EL PAÍS, ESPAÑA.- Por Pablo Linde. La tarjeta Cívica de Medellín ya anuncia sus intenciones con su propio nombre. Con ella, un residente del humilde barrio de la Sierra, en lo alto de de uno de los cerros que rodea la ciudad, puede coger el Metrocable —un sistema de teleférico—, bajar en la parada de Oriente para subir al tranvía, que le dejará en el metro de San Antonio; salir tres estaciones al sur para hacer un trayecto en Metroplus —un sistema de autobús con plataforma exclusiva y, por lo tanto, sin atascos— hasta Rosales, donde tiene a su disposición una bici pública para hacer el viaje hasta su destino: la unidad deportiva María Luisa Calle, en el otro extremo de la ciudad. Habrá gastado un viaje de su bono: 2.080 pesos (unos 66 céntimos de euro).
Pocos sistemas de transporte masivo del mundo integran bajo un mismo paraguas tantos medios de locomoción. Una empresa pública, Metro de Medellín está a cargo de todos ellos —excepto las bicis, también públicas, que dependen de otro organismo— y ha conseguido, a lo largo de muchos años y no sin contratiempos, convertirlo en un modelo para toda Latinoamérica. Pero dista de ser perfecto: la ciudad tiene por delante el reto de ampliar su cobertura, luchar contra la congestión de tráfico —y de contaminación— y seguir fomentando el uso de la bicicleta.

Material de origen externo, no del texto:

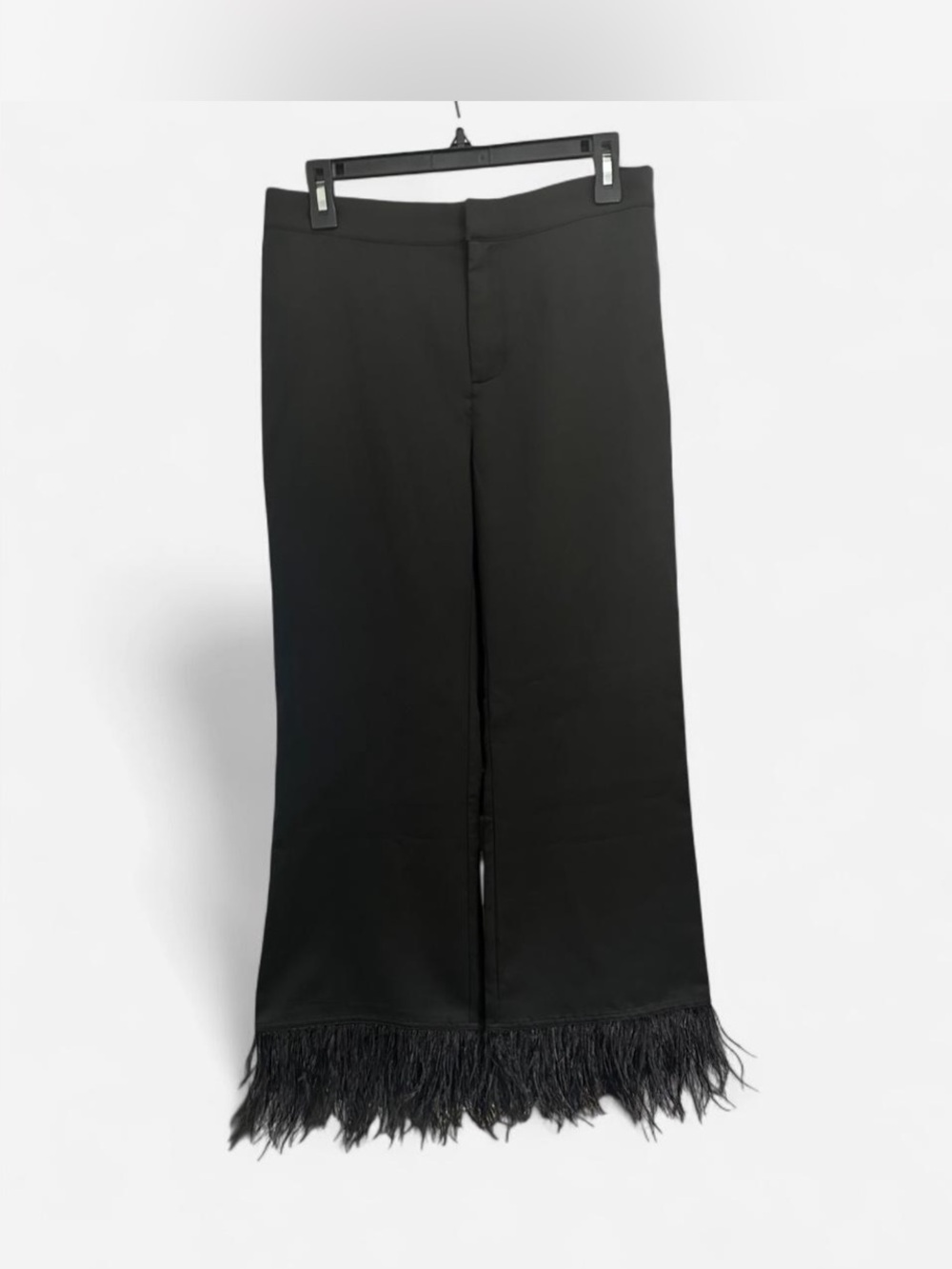 Wide-Leg Black Feather Trim Pants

Detrás de todo esto está lo que Jairo Gutiérrez, que lleva más de 20 años trabajando en la empresa, llama “cultura metro”. Cuando cuenta en qué consiste no le queda más remedio que remontarse en el tiempo: “Hace tres décadas vivíamos un momento muy triste en Medellín. Cuando los jóvenes salían de sus casas no sabían si iban a volver. No creíamos en el futuro”. Rememora los duros años del narcotráfico, cuando Pablo Escobar sembró el terror en una ciudad que se hizo famosa por ser la más peligrosa del mundo. Mucho cambió desde entonces. En parte, según Gutiérrez, por el metro, que comenzó a funcionar a las once de la mañana del 30 de noviembre de 1995, dos de días antes del segundo aniversario de la muerte del capo de la droga. “Articuló un territorio que antes era estanco, de guetos; la gente vio la ciudad desde arriba y la descubrió [no es un ferrocarril subterráneo, sino elevado]; cambió la cultura y el imaginario de la movilidad y metió en la cesta de la compra un nuevo artículo: el ticket del metro”.

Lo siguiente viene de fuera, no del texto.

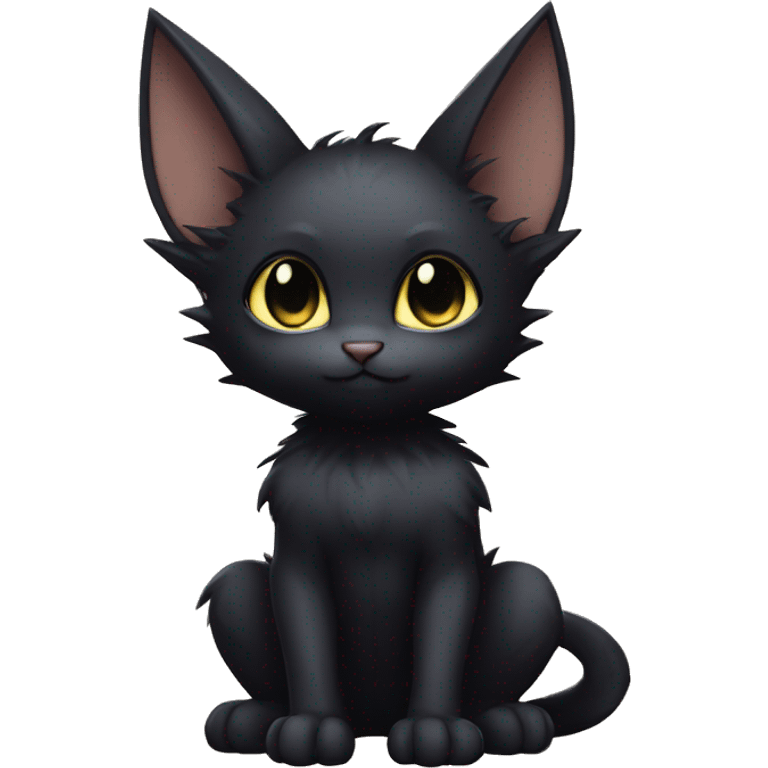 a anthro chibi-style black batty cat-Fakémon-hybrid full body emoji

Habla de la tarjeta cívica, esa que permite subir a cualquier medio de transporte público de la ciudad y que no tiene un nombre casual. Detrás de ella está toda esa cultura que va más allá del movimiento de personas por la ciudad. Un buen ejemplo es la recientemente inaugurada línea de tranvía de Ayacucho, que sirve de empalme entre la parada de metro de San Antonio, en pleno centro de la ciudad y el teleférico que lleva al barrio de La Sierra. Toda la calle que recorre era un espacio para vehículos, que ahora no pueden pasar por allí. Esto, junto con meses de obras, es el caldo de cultivo perfecto para generar malestar en un vecindario. Pero Metro no hace la obra sin más; con anterioridad imparte talleres que explican a los vecinos todo lo que va a suceder en su barrio y convoca a los líderes comunitarios para que ellos sean quienes difundan la palabra entre el resto de los habitantes. Y la empresa se afana en cambiar la cara del entorno al que llega.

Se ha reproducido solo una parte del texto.